23rd February 2008
Last week I wrote about Marshal of the Royal Air Force Sir Sholto Douglas, later enobled as Lord Douglas of Kirtleside, who succeeded Field Marshal Montgomery in May 1946, as Military Governor and Commander-in-Chief of the British forces of occupation in Germany.
His time as Military Governor was not a success - in his own words it was "the unhappiest period of my entire official life" and, as I said last week, I failed to understand why he was offered the job in the first place.
According to his memoirs Years of Command (London: Collins, 1966), one issue which contributed to his unhappiness was his responsibility, as Military Governor, to sign death warrants of those condemned to death by British military courts.
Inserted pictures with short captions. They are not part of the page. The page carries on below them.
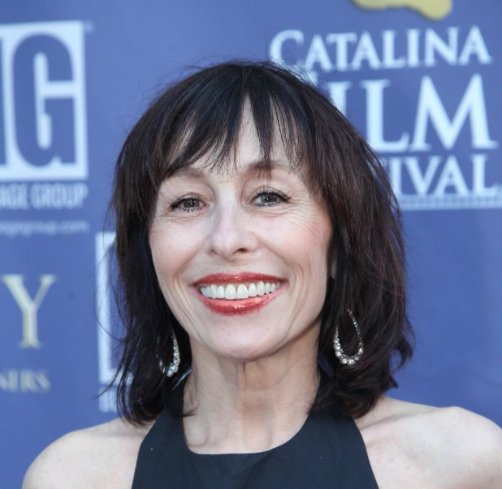 Naomi Lisner portrait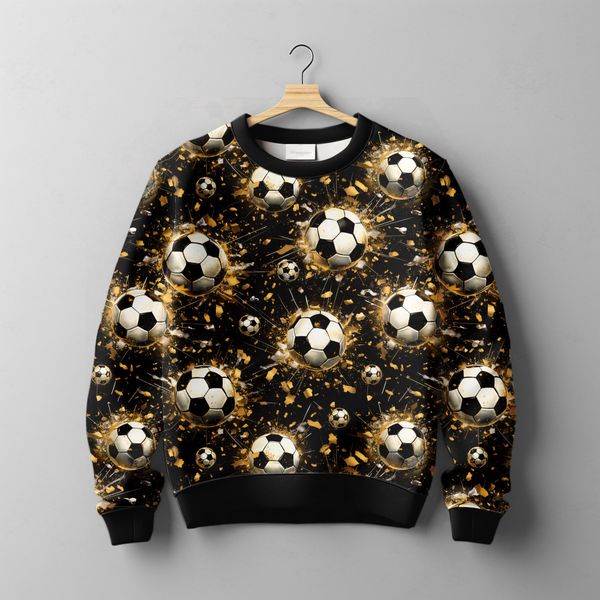 Jersey Gullfotball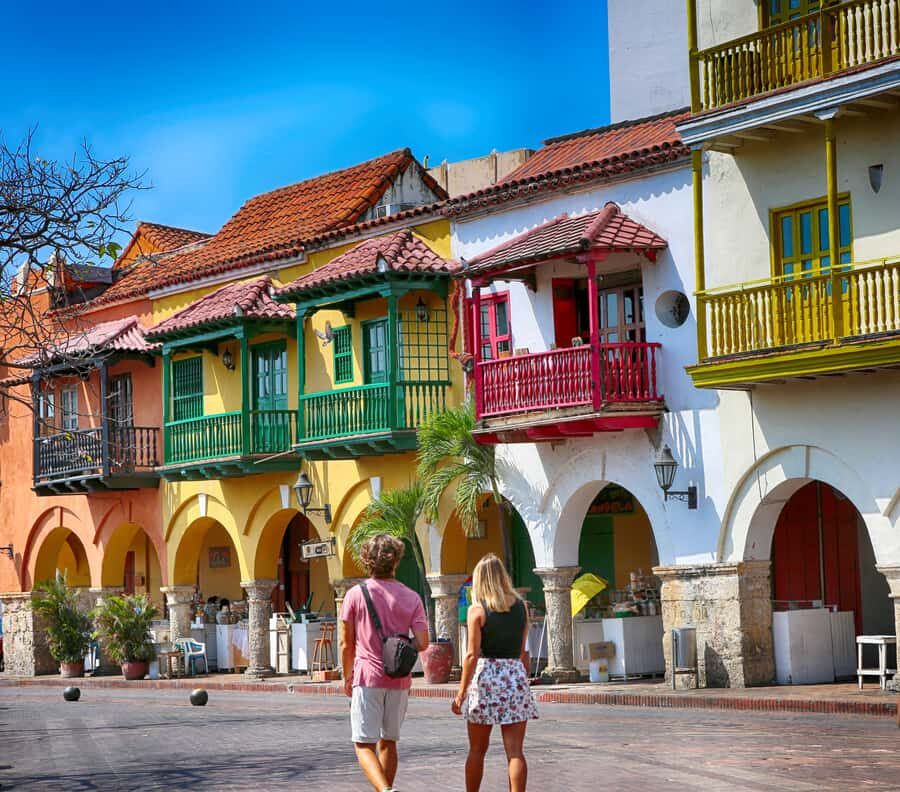 Cartagena: Walled City & Getsemani Private Tour - Getsemaní: street culture after you’ve seen the walls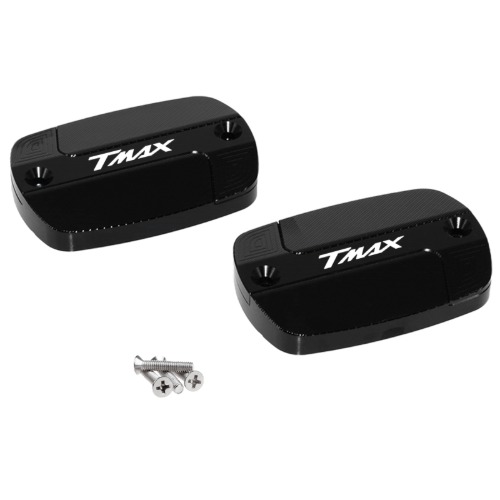 [해외]테크맥스 T-MAX560 마스터실린더 커버 TMAX 로고 (색상선택가능)
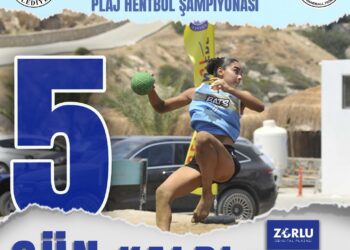 Girne Antis Plaj Hentbol Şampiyonası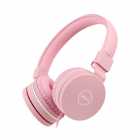 Fones de Ouvido Picun C-30 Rosa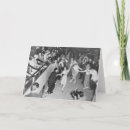 Recherche de foule vœux cartes Vintage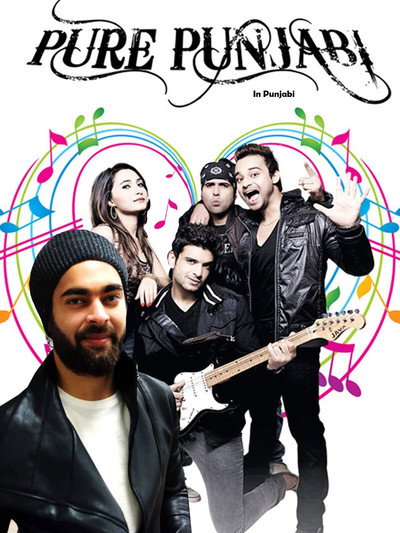 Póster de Pure Punjabi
"As Military Governor I was called upon to make the final decisions about all the death sentences which were passed by the courts of the [British] Zone, either confirming or commuting them as I saw fit; and there is in my memory a deep scar from that odious experience of having to deal with hundreds of these cases.
The range of the nature of the crimes which had led to these sentences ran all the way from more of the war criminals condemned to death to unfortunate Displaced Persons - among whom there were many Poles who had found ways of disposing of their hated German oppressors - to a Briton in the forces who had committed a murder such as strangling his German girl friend."
His personal experiences at this time led to "a strong conviction that the death penalty should be abolished."
He continued by saying that he was happy to confirm some sentences, such as those on warders of concentration camps, but "most of the cases that I had to deal with were far more difficult to assess ... For instance, what was one to do about some unfortunate dim-witted German peasant who, while serving as a private in the army, had been told by his officer to shoot one of our parachutists? Had the poor devil refused to do it he would more likely than not have been shot for not obeying orders. How was he to know that in international law the order given by his officer was illegal? Was his lack of knowledge sufficient reason to commute the sentence?"
Most of the death sentences which came before him he therefore commuted to terms of imprisonment.
"It is one thing to kill a fellow human being in the heat of battle, but these cold, judicial executions were, so far as I was concerned, an entirely different matter."